> Task to carry out: In the records below, the line that contains "M DPRD Gresik" marks the start. Copy it and each line after it through the end, exactly, without pictures.

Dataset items

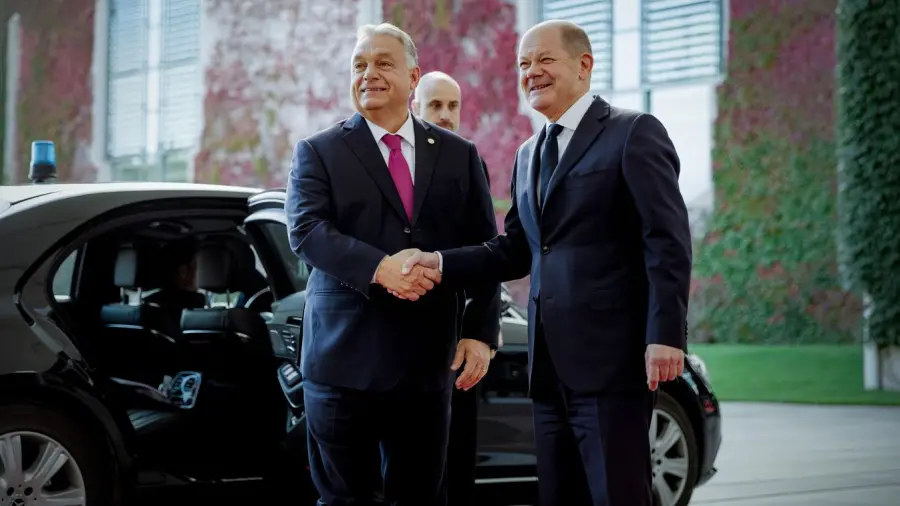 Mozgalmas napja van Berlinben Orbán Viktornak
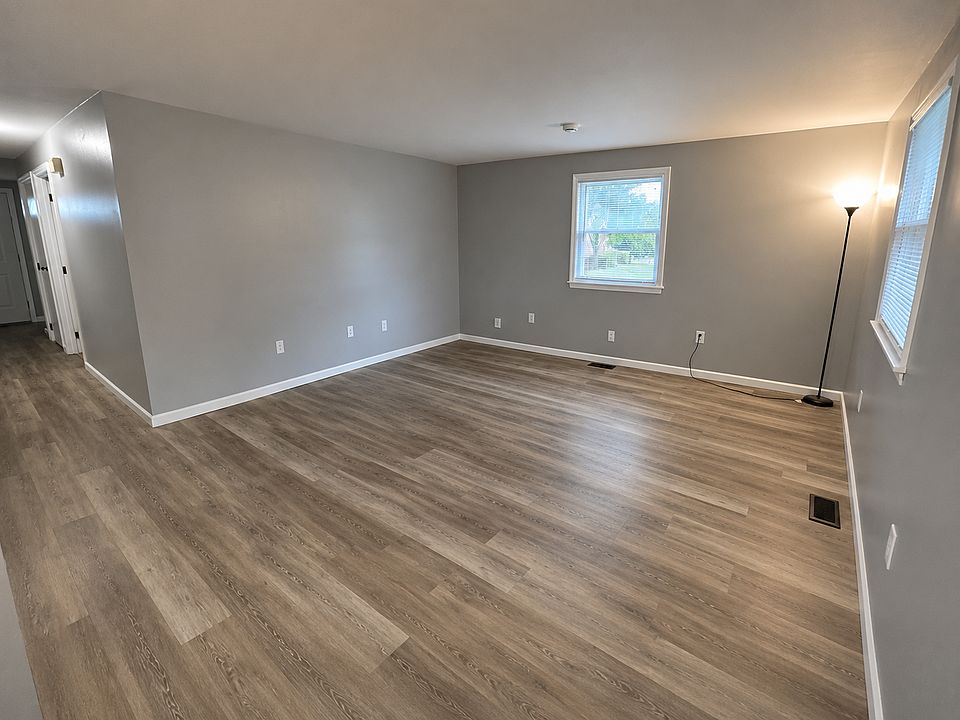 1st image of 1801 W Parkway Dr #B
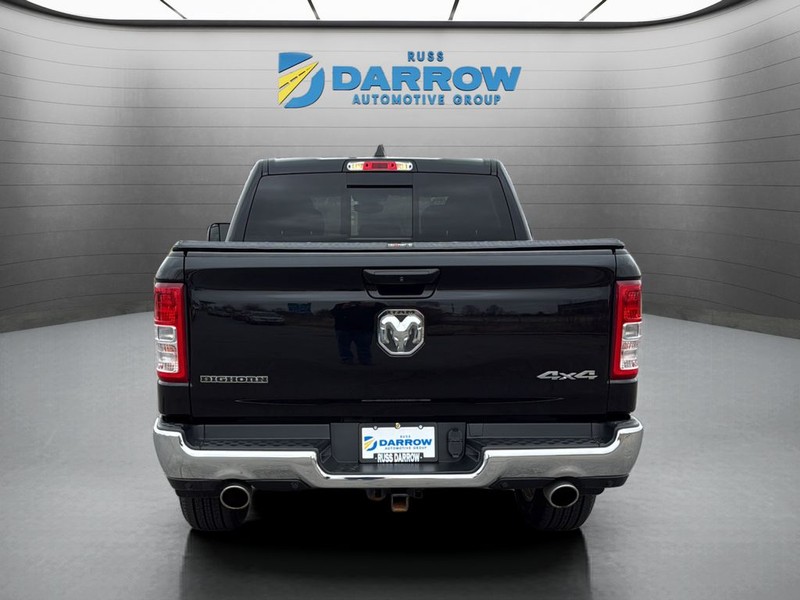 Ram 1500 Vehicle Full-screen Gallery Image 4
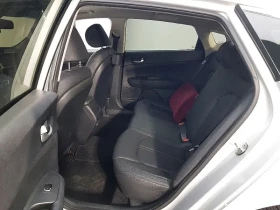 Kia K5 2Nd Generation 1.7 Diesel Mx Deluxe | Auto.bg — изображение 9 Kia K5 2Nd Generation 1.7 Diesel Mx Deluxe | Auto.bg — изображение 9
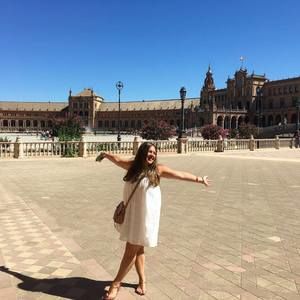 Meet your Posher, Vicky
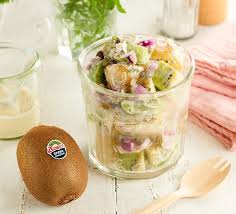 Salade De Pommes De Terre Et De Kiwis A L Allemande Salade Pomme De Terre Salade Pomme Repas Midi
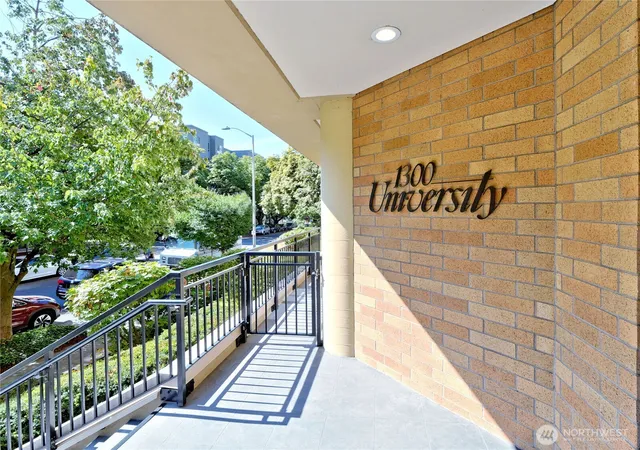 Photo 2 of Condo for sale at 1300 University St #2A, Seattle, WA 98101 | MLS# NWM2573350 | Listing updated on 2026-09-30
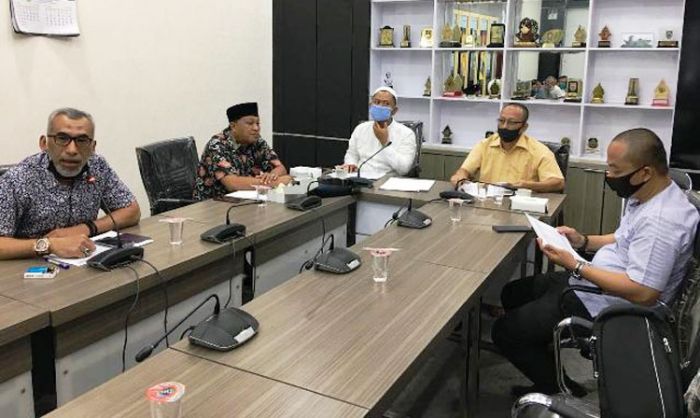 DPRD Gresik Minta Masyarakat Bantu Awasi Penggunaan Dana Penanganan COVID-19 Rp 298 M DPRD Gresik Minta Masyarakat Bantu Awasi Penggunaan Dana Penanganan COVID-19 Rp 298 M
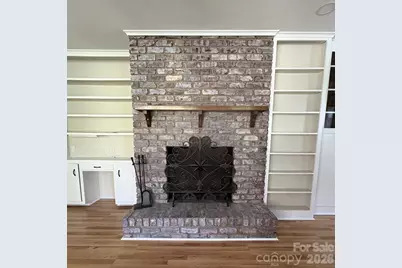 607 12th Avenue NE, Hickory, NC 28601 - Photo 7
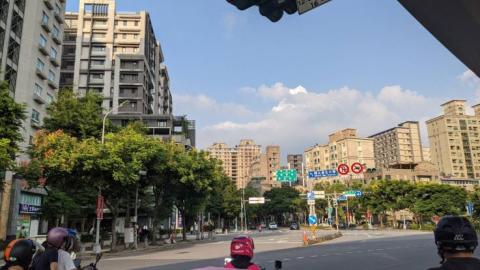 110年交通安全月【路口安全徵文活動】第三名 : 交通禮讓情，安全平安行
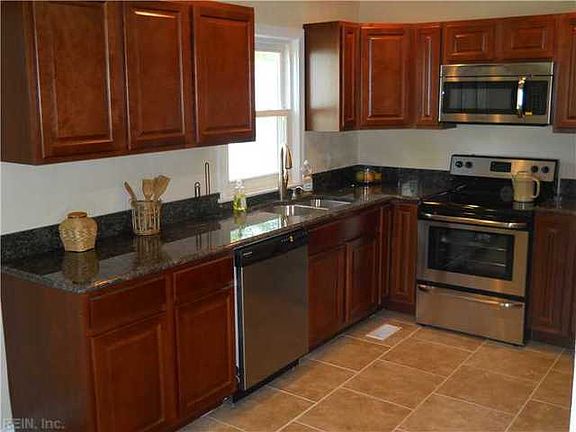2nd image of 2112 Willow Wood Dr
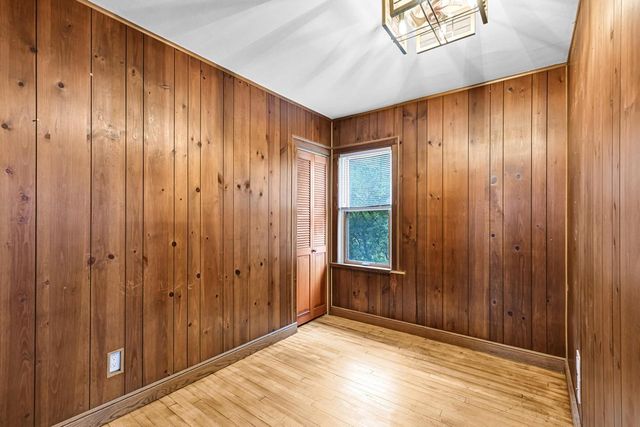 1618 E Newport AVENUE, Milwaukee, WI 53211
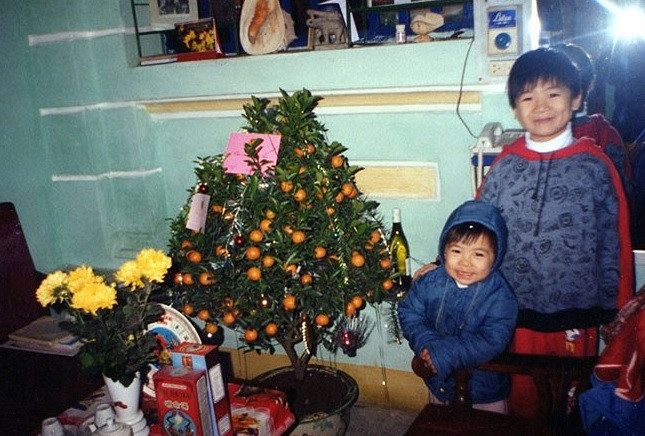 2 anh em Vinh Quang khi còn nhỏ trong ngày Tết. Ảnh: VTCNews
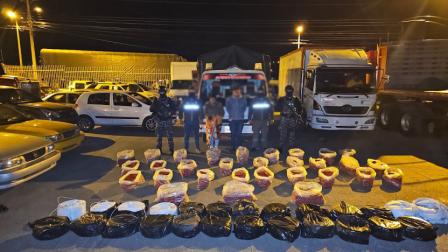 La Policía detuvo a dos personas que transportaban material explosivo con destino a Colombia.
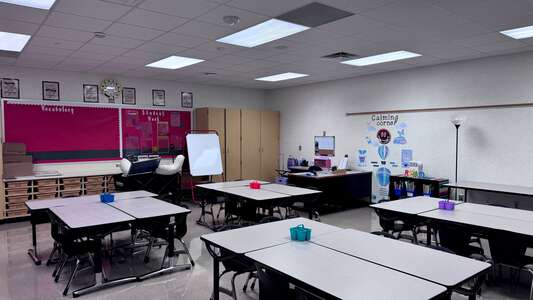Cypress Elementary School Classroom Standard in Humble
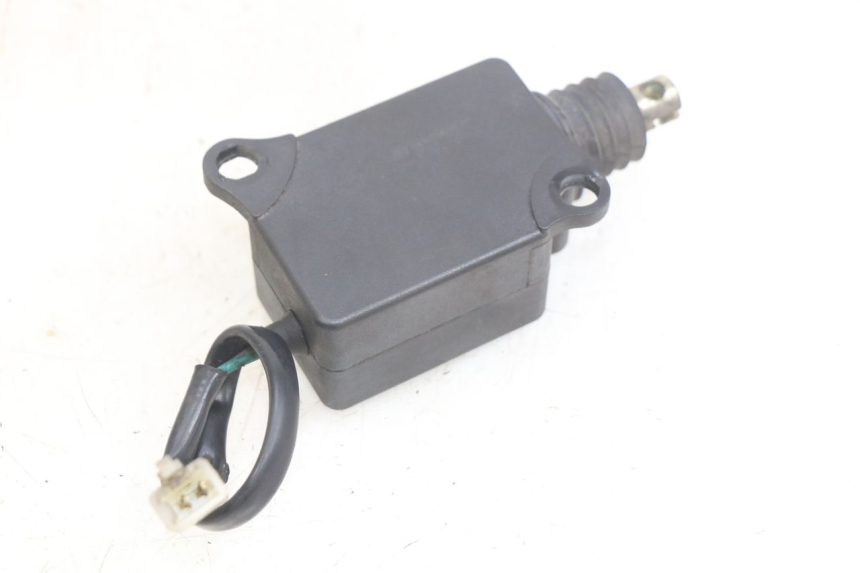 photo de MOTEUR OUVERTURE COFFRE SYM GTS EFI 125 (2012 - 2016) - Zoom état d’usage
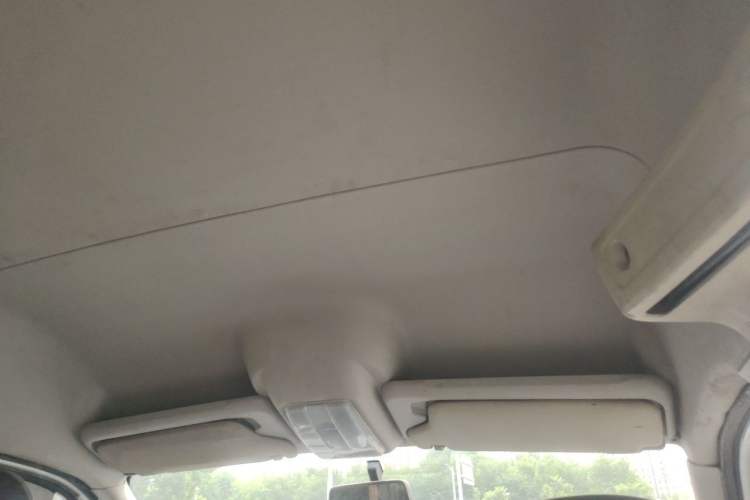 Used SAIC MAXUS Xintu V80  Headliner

> Output below:
 DPRD Gresik Minta Masyarakat Bantu Awasi Penggunaan Dana Penanganan COVID-19 Rp 298 M DPRD Gresik Minta Masyarakat Bantu Awasi Penggunaan Dana Penanganan COVID-19 Rp 298 M
 607 12th Avenue NE, Hickory, NC 28601 - Photo 7
 110年交通安全月【路口安全徵文活動】第三名 : 交通禮讓情，安全平安行
2nd image of 2112 Willow Wood Dr
 1618 E Newport AVENUE, Milwaukee, WI 53211
 2 anh em Vinh Quang khi còn nhỏ trong ngày Tết. Ảnh: VTCNews
 La Policía detuvo a dos personas que transportaban material explosivo con destino a Colombia.
Cypress Elementary School Classroom Standard in Humble
 photo de MOTEUR OUVERTURE COFFRE SYM GTS EFI 125 (2012 - 2016) - Zoom état d’usage
 Used SAIC MAXUS Xintu V80  Headliner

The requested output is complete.